One of these days, I’m going to write a book that isn’t a sweeping, realistic, Christian romance novel. Instead, it’s going to be a sweeping, captivating, non-fiction book about all the pictures that the Lord has given me over the years. It’s kind of crazy the way He chooses to reveal Himself to us. I do not hear Him audibly very often, but there is an ‘inner-audible’ voice that I hear almost daily, and often with it comes vivid images of what He is communicating.
There is a song from the new Bethel album that I can not listen to without crying. It is such a beautiful anthem of truth, and it gets me every single time. I listen to the album sometimes while I’m cooking, and I end up standing in the kitchen with a butcher knife in my hands, sobbing. I’m sure my neighbors are concerned about me.
As I listened to the song yesterday, the Lord started to download a new picture revelation to me, and the tears came hot, and fast.
This lyric, “There wasn’t a day that you let me fall . . .” it kills me every time.
The picture that the Lord showed me was of a little girl, falling off a cliff. As she fell, she reached up toward something on the cliff. I never saw what it was, but it was insinuated that it was something unsatisfactory that she was longing for. Something that she thought would define her and give her purpose, something that might save her, thus the reaching. But still, she fell. What she couldn’t see was that there was a giant hand underneath her, actively catching her as she fell. Moving with her as gravity dragged her body to the ground.
This is a picture of all of us, every day. We actively seek out the things that we think will give us purpose, that will define us, that will save us, that will tell us who we are. Sometimes they’re things that are negative, sometimes they’re not, but all the time they are unsatisfactory and insufficient.
All of the struggles that you deal with, all of the negative thoughts and emotions that you cling to, that you reach out toward, all of those stem from a lack of true identity.
(Remember, God speaks in bold. 😉 )
These issues that I have been walking through for the past 5 years, the ones that I helped walk others through a few weeks ago at our retreat, and will continue to as long as the Lord allows me to, all of these things stem from us not knowing who we really are. We fight, cry, worry, curse, judge, and fall apart because we don’t know who are true selves are.
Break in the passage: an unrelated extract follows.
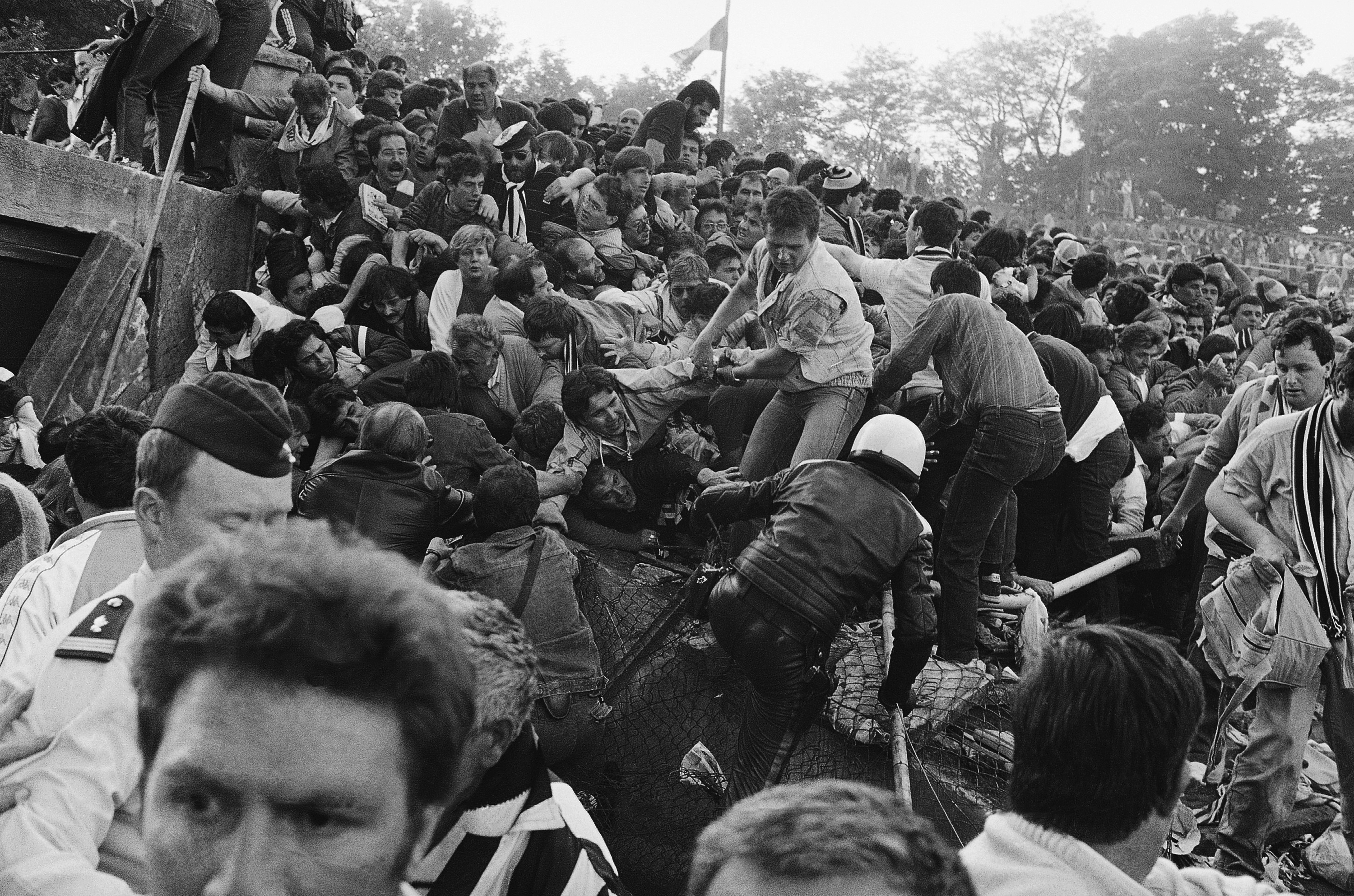 FILE - A crowd of soccer fans in the Brussels Heysel stadium, falls down in a heavy group over the broken fence just prior to the European Champion's Cup Final between Liverpool and Juventus of Turin, in Brussels, Belgium, May 29, 1985.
The act of walking through healing and breaking agreements with lies is the very act of discovering our true selves, the person that God created us to be. Every time we break down a lie in our lives and replace it with the truth, we start to see the person that God intended us to be.
Going back to the image though, we don’t see a girl who knows who she is. We see a girl who is still reaching for that which she thinks defines her, and in the meantime, the Father’s hand is still holding her, still guiding her safely to solid ground, even though she doesn’t know it.
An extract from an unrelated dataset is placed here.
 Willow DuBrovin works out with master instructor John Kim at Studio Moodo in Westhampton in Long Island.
You guys, stop here for a minute and consider God’s grace in this picture. She is not choosing Him. She is choosing something other than what He meant for her, but He still does not let her fall.
How in the world can this be?
Because in His unfathomable grace, even when we aren’t living it out, the Father see us as who He created us to be. He doesn’t see our weakness and our failure. He doesn’t respond to us as sinners or as broken individuals. He responds to us as our truest selves.
I. Can. Not. Deal.
I really wish we were sitting face to face so I could see your expression when this revelation grabs your heart like it grabbed mine. Even in our deepest despair and when we feel the farthest from the Father, He sees our beauty and is holding us as close as ever. How can I not fall deeper in love with Him? How can I stay silent when I have received this priceless gift?
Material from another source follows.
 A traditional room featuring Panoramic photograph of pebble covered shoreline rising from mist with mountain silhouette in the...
God, you are so good. Your love for me is indescribable — I think I am really starting to grasp, for the first time ever, that I can not understand how far, how wide and how deep your love is for me. It is completely overwhelming, and I want to give you praise by surrendering myself and submitting myself to the Julie that you have created me to be. I want to live up to the beautiful creation you have painted in my soul. Thank you for knowing me, even when I don’t know myself and I try to define myself with things that will fade away, that will never last, and that can not compare to who you are in me. Thank you for catching me, even when you’re not the one I’m reaching for. You know me. You. Know. Me.
I ask for you to continue to call out my truest self, and I ask for the ones reading these words right now, that you call out their truest self. That you speak the truth over their hearts and defy the lies of the enemy. That you would resurrect those hopes and dreams which they believe have been slain, pushed down and covered up by years of insecurities and hurts. Breathe your healing into their broken places, and show them who you’ve created them to be. Show us who we really are.